In this case, nulling out the $a and $b that were passed in DOES in fact release these linked objects. But that's OK, because you don't have a way to access these objects anymore anyway, as described above.

Now, this example is just for explanatory purposes; typically you do not have two objects that mutually store weak references to each other. Typical, one side of the two-way link typically is the "owner" and has a "refcounted" reference to the other object, while the other side of the link has the weak reference to the other object. Normally the parent object retains, and the child object has a weak reference.

So, while I now feel more confident of how references act with
respect to objects (which is, they act the same as they do for any
variable), I still am not sure what "$this->this" is and why it
worked so magically.

You lost me on your $this->this statement.

Well, in reality, with a parent-child situation, you have

$a->addChildObject($b);

class A
{
   function addChildObject($b)
   {
      $this->children[] = $b;	// refcount+1
      $b->setParent($this);
   }
}
class B
{
   function setParent(&$b)
   {
       $this->parent = &$b;
   }
}

However, I tried this, and it doesn't work.

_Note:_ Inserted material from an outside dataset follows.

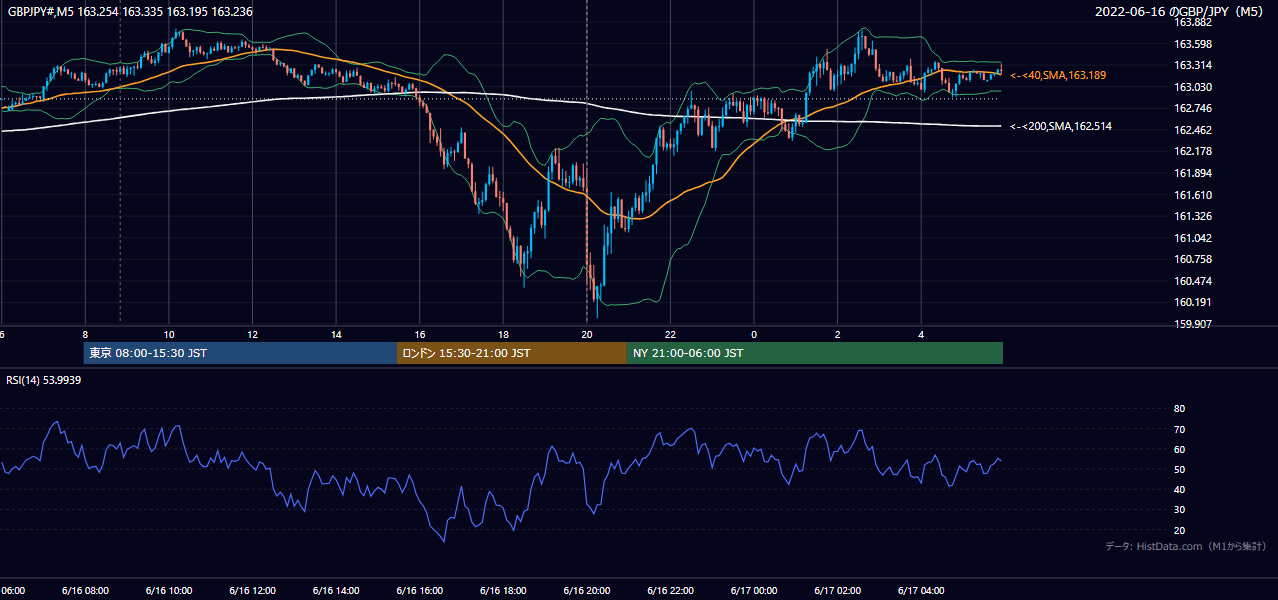 2022-06-16（木） GBP/JPY 5分足チャート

The $b->setParent($this) line still bumps the refcount. After experimenting, I realize that if I do $b->setParent($this->this) then it works as expected.

But what the heck is $this->this?

And this is my question, why does this work? Can I count on it? Why doesn't just referencing $this work as expected?

I understand that this is a bit complicated, as memory management often is. But memory leaks are a big deal when writing PHP CLI scripts that import say 75,000 records and leak 4k per iteration.